Nico D'Cotta

Selfhosted Infra

cottand/selfhosted

I run a personal fleet of a several servers and few old computers in my living room which run services like

Personal DB
Personal storage and backups
VPN, with adblocking
... and hosts some of the projects you see in this website!

It also hosts all the infrastructure required to support that deployment. Learning to create resilient low-maintenance infrastructure is a also a goal -- the means is an end in itself!

I made it thinking about how I would build a company's platform as an SRE. It has a mostly open-source stack with:

Container orchestration through Nomad (an alternative to Kubernetes)
Metrics, performance monitoring, and logs management through Grafana, Prometheus and Loki
Secure private networking through Tailscale
Reproducible, declarative deployments of the Linux OSs through NixOS (although sometimes I install other OSs on some machines to experiment!)
Service discovery and a service mesh thanks to Consul
Infra-as-code thanks to Terraform
Service-to-service communication via gRPC

In this page I write up a technical overview of how I have architected the cluster. For findings and milestones I have achieved over time, you can check out my blog (which is hosted here too!).

I aim to update this page as the fleet evolves (I started in April 2023) so that it is up-to-date. Some notable milestones include, in order:

from docker-compose to Nomad
from plaintext orchestration to the mTLS Consul service mesh
from hardcoded secrets to a HA Vault cluster
from a single Postgres node to a HA CockroachDB cluster
from plain Nomad HCL jobs to Nix-templated jobs
from no-code containers to proper a Go microservices monorepo
from a Wireguard mesh to a Tailscale network

Microservices

Inspired by Monzo's monorepo, my selfhosted repo includes a services/ directory where I develop Go microservices.

These are tiny (a few Go files each) and use gRPC to communicate between each other as well as the CockroachDB cluster for a backing store.

They are all built on CI on every push to master. You can find a blog post about how the automation around the builds works here.

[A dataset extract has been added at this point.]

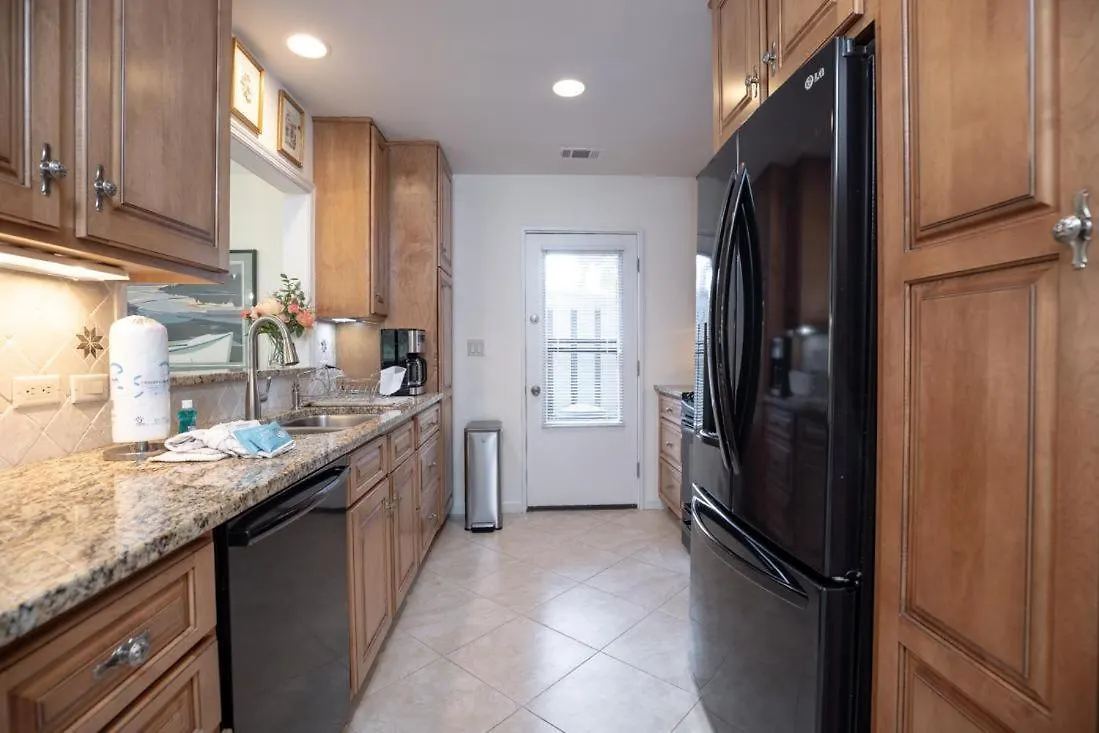 Villa 734 Queen's Grant Hilton Head Island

The networking is not too complicated once you get past the VPN abstraction, which is the tricky bit to achieve without a SPOF. Some of my nodes are IPv6-capable and are IPv4-public, some are not IPv4-public, and one is neither and is behind a CGNAT and doesn't have a IPv6 address.


Networking setup (simplified). NATs in orange, ingress in green.

Using Tailscale as a mesh VPN has the huge advantage of a flat network topology once inside the VPN, even when some Nodes get disconnected.

Service Mesh

In a completely unnecessary impulse, I also deployed Consul to operate an Envoy service mesh.

Note that mTLS between containers was not strictly required as all traffic is encrypted via Tailscale anyway.

Ingress

Ingress is structured as follows:


Ingress setup

Where traefik is able to do mTLS with the Consul service mesh.

Orchestration

Container orchestration is done with Nomad. All nodes are clients (meaning a container can get scheduled on any node) and 3 nodes are Nomad servers (ie, the host the Nomad 'control plane', in k8s lingo).

The nodes that host Nomad servers happen to be the datacenter-hosted nodes, because they have more uptime than the ones hosted on London or Madrid.


Orchestration setup

All containers in the cluster are managed by Nomad. All non-containerised workloads (Nomad and Vault) are configuration-managed via NixOS.

Nomad Job page for this website

Monitoring

All of this has a Grafana monitoring stack (Loki, Mimir, Grafana, etc). I do believe it a bit of an anti-pattern to run the monitoring on top of the infrastructure you are trying to monitor, but I chose to be pragmatic.

Screenshot of a Grafana monitoring dashboard

Looking back

Overall, the setup is overkill for what I am running. I could achieve most of this with SSH and docker compose alone, but I learnt a great deal of SRE skills by trying to make a industry-grade platform that could scale to 10 or 1000 services!

If I was to found a startup tomorrow and had to develop its platform, I would reuse much of the technology I used for this side-project.